DeepSeek-R1 Outperforms Gemini 2.0 Pro, OpenAI o1, and o3-mini in Bilingual Complex Ophthalmology Reasoning
Journal:
arXiv
Published Date:
Feb 25, 2025
Abstract
Purpose: To evaluate the accuracy and reasoning ability of DeepSeek-R1 and
three other recently released large language models (LLMs) in bilingual complex
ophthalmology cases. Methods: A total of 130 multiple-choice questions (MCQs)
related to diagnosis (n = 39) and management (n = 91) were collected from the
Chinese ophthalmology senior professional title examination and categorized
into six topics. These MCQs were translated into English using DeepSeek-R1. The
responses of DeepSeek-R1, Gemini 2.0 Pro, OpenAI o1 and o3-mini were generated
under default configurations between February 15 and February 20, 2025.
Accuracy was calculated as the proportion of correctly answered questions, with
omissions and extra answers considered incorrect. Reasoning ability was
evaluated through analyzing reasoning logic and the causes of reasoning error.

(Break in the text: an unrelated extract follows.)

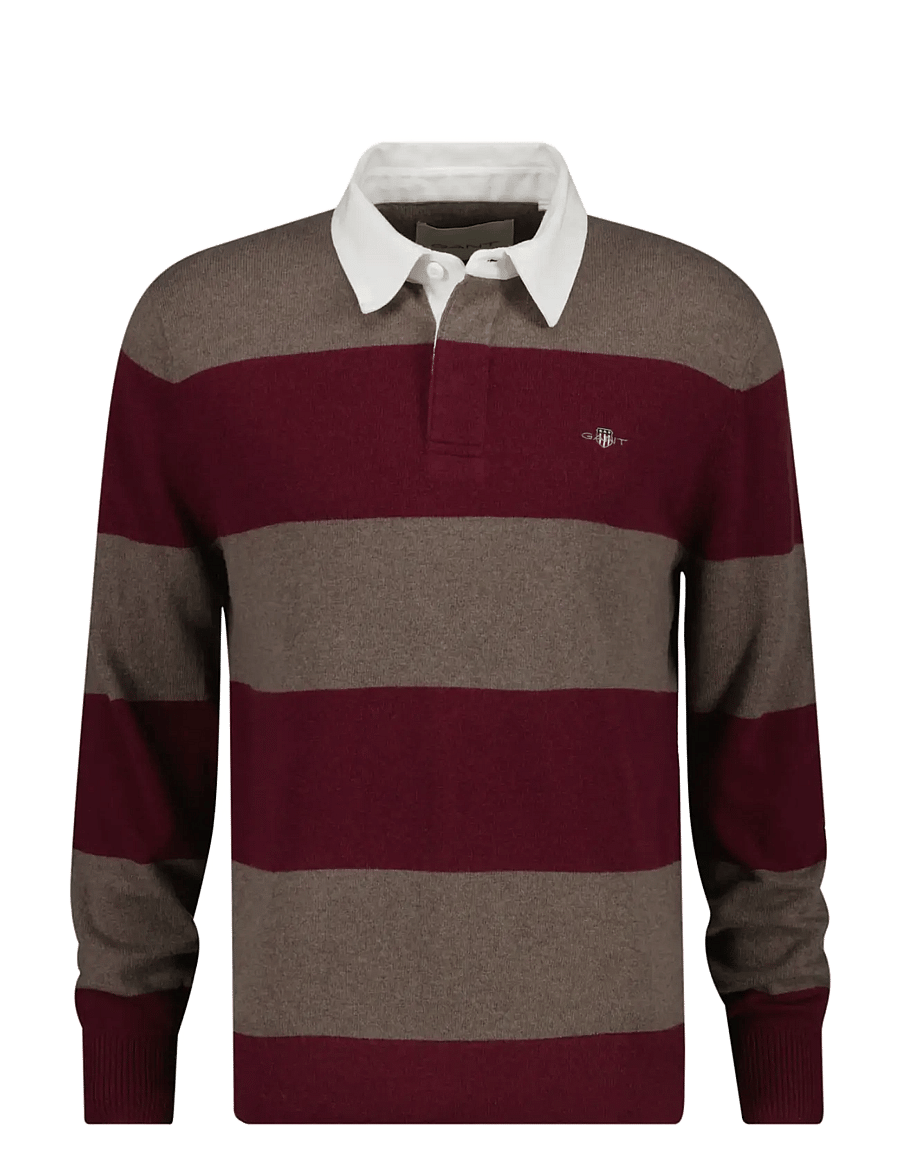 Gant - BARSTRIPED LAMBSWOOL RUGGER - langärmelige strick-polohemden - deep grape wine - 0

Results: DeepSeek-R1 demonstrated the highest overall accuracy, achieving 0.862
in Chinese MCQs and 0.808 in English MCQs. Gemini 2.0 Pro, OpenAI o1, and
OpenAI o3-mini attained accuracies of 0.715, 0.685, and 0.692 in Chinese MCQs
(all P<0.001 compared with DeepSeek-R1), and 0.746 (P=0.115), 0.723 (P=0.027),
and 0.577 (P<0.001) in English MCQs, respectively. DeepSeek-R1 achieved the
highest accuracy across five topics in both Chinese and English MCQs. It also
excelled in management questions conducted in Chinese (all P<0.05). Reasoning
ability analysis showed that the four LLMs shared similar reasoning logic.
Ignoring key positive history, ignoring key positive signs, misinterpretation
medical data, and too aggressive were the most common causes of reasoning
errors. Conclusion: DeepSeek-R1 demonstrated superior performance in bilingual
complex ophthalmology reasoning tasks than three other state-of-the-art LLMs.
While its clinical applicability remains challenging, it shows promise for
supporting diagnosis and clinical decision-making.